Publicado por Frei Betto* na página do Movimento dos Trabalhadores Rurais Sem Terra (MST)
A militância do MST repete, com razão, que o Brasil tem muita gente sem terra e muita terra sem gente. Os fatos comprovam que o aumento da concentração fundiária favorece o desmatamento e a violência no campo.
Dados do Censo Agropecuário de 2017 apontam que o Brasil possuía, naquele ano, 5.072.152 propriedades rurais. Metade com área de 10 hectares ou menos. São pequenas propriedades. Todas juntas ocupam apenas 2,28% das terras utilizadas no Brasil para a agropecuária.
No entanto, 50.865 propriedades rurais, que correspondem a apenas 1% do total de imóveis do campo, ocupam 47,5% das terras agrícolas. É o pessoal que insiste em manter, ao longo de mais de 500 anos, o único modelo de “reforma agrária” ocorrida em nosso país: a divisão de grandes extensões de terra em Capitanias Hereditárias…

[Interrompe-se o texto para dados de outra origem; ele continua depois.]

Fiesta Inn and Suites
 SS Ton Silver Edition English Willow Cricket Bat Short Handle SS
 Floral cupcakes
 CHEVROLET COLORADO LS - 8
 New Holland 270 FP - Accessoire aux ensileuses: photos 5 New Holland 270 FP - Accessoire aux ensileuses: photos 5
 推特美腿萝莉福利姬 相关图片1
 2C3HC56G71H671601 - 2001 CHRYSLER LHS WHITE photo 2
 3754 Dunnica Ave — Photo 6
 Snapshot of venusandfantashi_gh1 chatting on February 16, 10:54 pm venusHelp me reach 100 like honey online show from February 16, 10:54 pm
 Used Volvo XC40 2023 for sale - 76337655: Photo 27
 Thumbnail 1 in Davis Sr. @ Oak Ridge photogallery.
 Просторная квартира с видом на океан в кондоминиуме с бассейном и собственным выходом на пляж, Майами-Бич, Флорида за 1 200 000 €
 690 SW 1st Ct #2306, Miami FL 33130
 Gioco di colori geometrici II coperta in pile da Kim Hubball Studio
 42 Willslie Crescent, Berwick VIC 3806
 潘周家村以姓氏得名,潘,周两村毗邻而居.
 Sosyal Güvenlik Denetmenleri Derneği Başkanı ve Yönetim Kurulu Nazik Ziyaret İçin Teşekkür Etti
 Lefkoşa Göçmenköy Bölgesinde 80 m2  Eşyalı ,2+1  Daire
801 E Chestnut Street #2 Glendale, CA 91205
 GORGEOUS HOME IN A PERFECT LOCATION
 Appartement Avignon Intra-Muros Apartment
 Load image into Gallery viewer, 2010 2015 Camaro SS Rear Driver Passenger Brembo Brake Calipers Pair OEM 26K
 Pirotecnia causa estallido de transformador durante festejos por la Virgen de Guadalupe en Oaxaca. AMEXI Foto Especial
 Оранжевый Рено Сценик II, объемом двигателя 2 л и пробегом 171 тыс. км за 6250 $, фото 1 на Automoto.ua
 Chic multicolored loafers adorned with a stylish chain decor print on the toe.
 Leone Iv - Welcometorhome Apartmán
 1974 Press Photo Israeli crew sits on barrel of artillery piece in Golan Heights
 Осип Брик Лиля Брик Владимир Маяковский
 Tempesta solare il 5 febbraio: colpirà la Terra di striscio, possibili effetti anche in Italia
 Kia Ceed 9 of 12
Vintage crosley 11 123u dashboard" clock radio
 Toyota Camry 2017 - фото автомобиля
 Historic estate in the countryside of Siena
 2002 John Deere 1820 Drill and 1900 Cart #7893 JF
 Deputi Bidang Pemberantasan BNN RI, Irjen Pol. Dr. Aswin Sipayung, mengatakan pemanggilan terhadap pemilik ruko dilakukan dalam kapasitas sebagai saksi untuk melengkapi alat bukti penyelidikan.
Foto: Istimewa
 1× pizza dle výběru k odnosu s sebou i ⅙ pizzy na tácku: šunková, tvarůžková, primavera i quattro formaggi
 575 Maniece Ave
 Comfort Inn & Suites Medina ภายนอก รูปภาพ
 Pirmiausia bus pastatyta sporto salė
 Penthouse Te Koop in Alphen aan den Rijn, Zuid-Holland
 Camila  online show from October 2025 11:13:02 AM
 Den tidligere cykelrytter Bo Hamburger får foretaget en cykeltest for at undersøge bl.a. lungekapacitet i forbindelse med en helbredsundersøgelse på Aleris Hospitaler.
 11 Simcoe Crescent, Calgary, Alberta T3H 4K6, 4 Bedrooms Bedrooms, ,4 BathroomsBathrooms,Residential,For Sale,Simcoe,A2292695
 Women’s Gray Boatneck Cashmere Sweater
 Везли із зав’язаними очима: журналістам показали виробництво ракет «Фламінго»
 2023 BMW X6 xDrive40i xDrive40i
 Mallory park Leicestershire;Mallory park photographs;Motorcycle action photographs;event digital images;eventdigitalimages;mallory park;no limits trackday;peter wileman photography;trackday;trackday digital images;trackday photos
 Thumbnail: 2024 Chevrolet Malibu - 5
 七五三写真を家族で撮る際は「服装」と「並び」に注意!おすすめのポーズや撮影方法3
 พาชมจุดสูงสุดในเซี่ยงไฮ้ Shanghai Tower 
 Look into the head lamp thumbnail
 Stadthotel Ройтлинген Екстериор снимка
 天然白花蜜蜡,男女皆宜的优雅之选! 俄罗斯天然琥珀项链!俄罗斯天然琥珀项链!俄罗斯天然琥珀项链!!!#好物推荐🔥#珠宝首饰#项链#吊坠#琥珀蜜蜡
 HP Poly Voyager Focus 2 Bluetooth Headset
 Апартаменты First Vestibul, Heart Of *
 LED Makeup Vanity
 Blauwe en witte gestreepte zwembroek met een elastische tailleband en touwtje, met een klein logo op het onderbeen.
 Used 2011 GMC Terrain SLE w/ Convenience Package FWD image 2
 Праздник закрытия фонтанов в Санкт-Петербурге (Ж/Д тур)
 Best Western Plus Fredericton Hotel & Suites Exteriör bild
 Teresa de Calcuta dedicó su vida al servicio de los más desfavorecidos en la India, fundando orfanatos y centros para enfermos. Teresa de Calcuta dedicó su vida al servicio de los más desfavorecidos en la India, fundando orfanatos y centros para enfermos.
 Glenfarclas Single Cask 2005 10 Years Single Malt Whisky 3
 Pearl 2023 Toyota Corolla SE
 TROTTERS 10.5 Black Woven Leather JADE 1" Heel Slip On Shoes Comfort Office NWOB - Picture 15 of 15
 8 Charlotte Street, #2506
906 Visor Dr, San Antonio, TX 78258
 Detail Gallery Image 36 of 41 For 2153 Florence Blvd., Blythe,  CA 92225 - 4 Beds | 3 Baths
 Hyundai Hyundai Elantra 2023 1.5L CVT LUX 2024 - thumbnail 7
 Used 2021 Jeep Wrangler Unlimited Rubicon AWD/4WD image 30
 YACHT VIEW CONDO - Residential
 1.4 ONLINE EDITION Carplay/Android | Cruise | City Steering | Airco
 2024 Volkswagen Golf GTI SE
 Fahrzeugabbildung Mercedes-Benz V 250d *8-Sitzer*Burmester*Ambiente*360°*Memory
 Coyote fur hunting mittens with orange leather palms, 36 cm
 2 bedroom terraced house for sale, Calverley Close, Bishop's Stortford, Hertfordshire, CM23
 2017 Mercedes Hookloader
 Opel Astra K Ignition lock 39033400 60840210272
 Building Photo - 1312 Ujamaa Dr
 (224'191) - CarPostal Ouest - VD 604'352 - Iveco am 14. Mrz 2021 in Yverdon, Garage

A média de conflitos por terra e água entre 2019 e 2022 (governo Bolsonaro) superou a média entre os anos de 2013 e 2018. E eles ocorrem predominantemente nas áreas de expansão das fronteiras agrícola e mineral – as regiões Norte e Nordeste.
Segundo dados do Inpe, o desmatamento é maior sobretudo na região de cerrado conhecida como MATOPIBA – acrônimo formado pelas primeiras sílabas de Maranhão, Tocantins, Piauí e Bahia. Considerada a última fronteira agrícola do Brasil, é a área mais cobiçada pelo agronegócio para implantar agropecuária em larga escala – gado, soja e eucalipto.
Entre 2018 e 2022 aumentaram em 26,7% os conflitos por terra. As principais vítimas de invasões realizadas por agentes do agronegócio são povos indígenas, quilombolas, ribeirinhos e pescadores. Dados da CPT (Comissão Pastoral da Terra) mostram que, em 2022, ocorreram 47 assassinatos no campo e 117.600 conflitos por água.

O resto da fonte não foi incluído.